→ WHAT TO WORK ON: If a record holds a picture, leave the picture out and repeat everything else exactly.

→ AVAILABLE DATA:
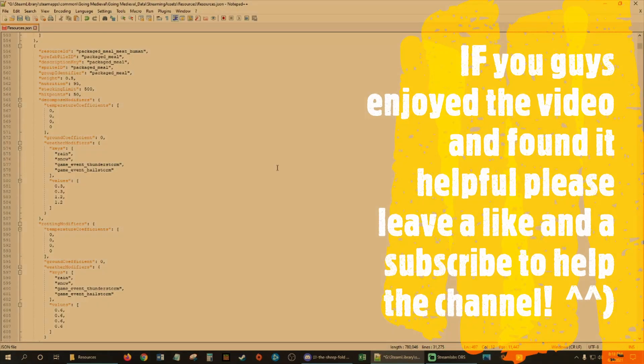And I do believe that is it. Short, sweet, easy to do for pretty much anybody. Hopefully you guys were able to follow this and have a good night. Bye guys.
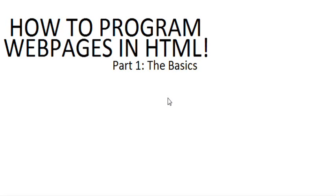Hey guys, what's up? Welcome to how to program web pages in HTML with a little exclamation mark, part one, the basics.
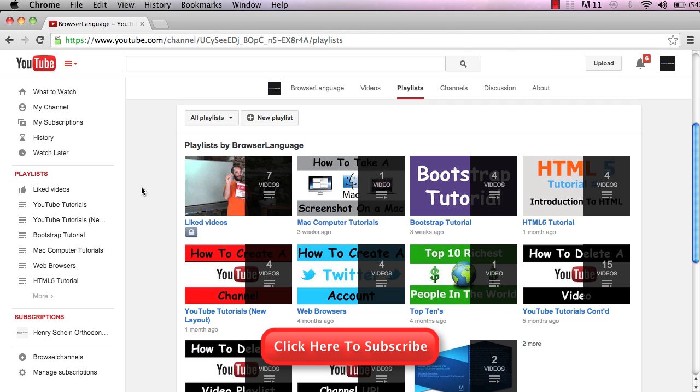If this video helped you, please click the thumbs up button below, and while you're at it, click the subscribe button. Thank you.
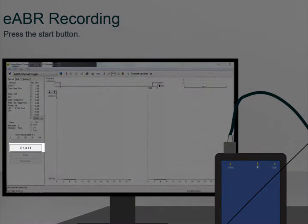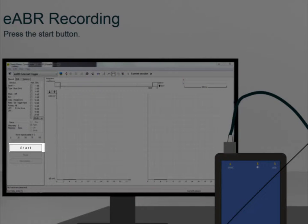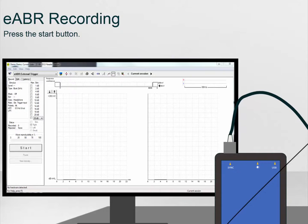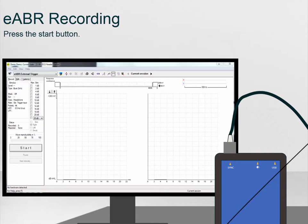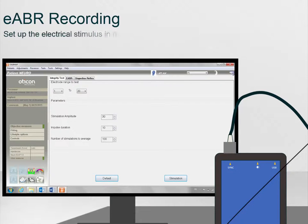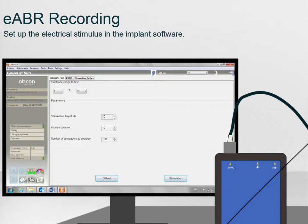When ready, press the Start button. The Eclipse will wait for the implant software to send the trigger signal before recording begins. Follow the instructions provided by the implant manufacturer to start sending the trigger signal to the Eclipse and the electrical stimuli to the patient.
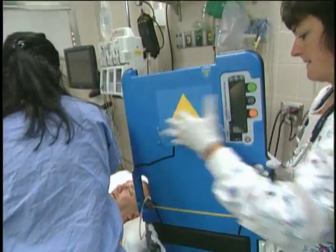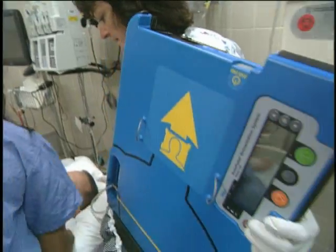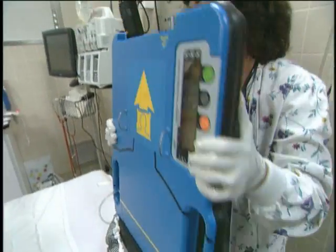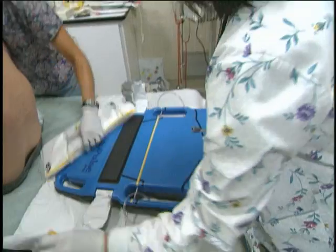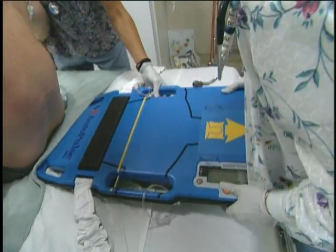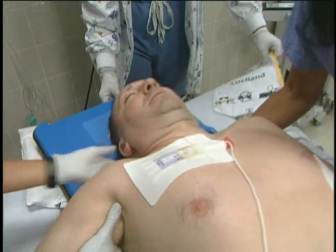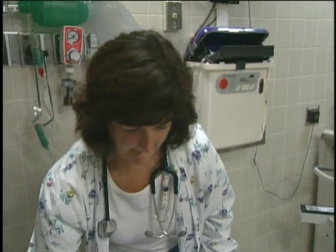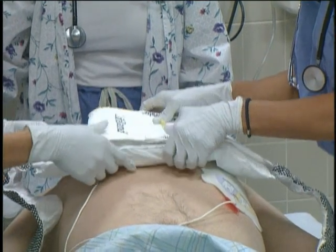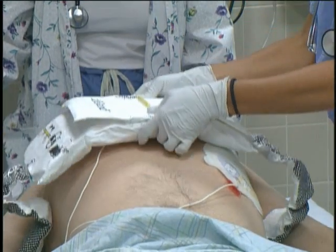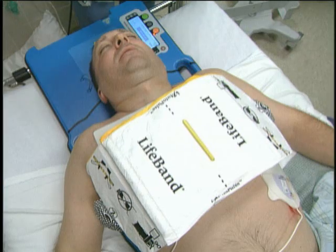Is your auto pulse ready? Auto pulse ready. Let's lift. One, two, three. Starting on the pulse.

→ THE ANSWER:
And I do believe that is it. Short, sweet, easy to do for pretty much anybody. Hopefully you guys were able to follow this and have a good night. Bye guys.
Hey guys, what's up? Welcome to how to program web pages in HTML with a little exclamation mark, part one, the basics.
If this video helped you, please click the thumbs up button below, and while you're at it, click the subscribe button. Thank you.
When ready, press the Start button. The Eclipse will wait for the implant software to send the trigger signal before recording begins. Follow the instructions provided by the implant manufacturer to start sending the trigger signal to the Eclipse and the electrical stimuli to the patient.
Is your auto pulse ready? Auto pulse ready. Let's lift. One, two, three. Starting on the pulse.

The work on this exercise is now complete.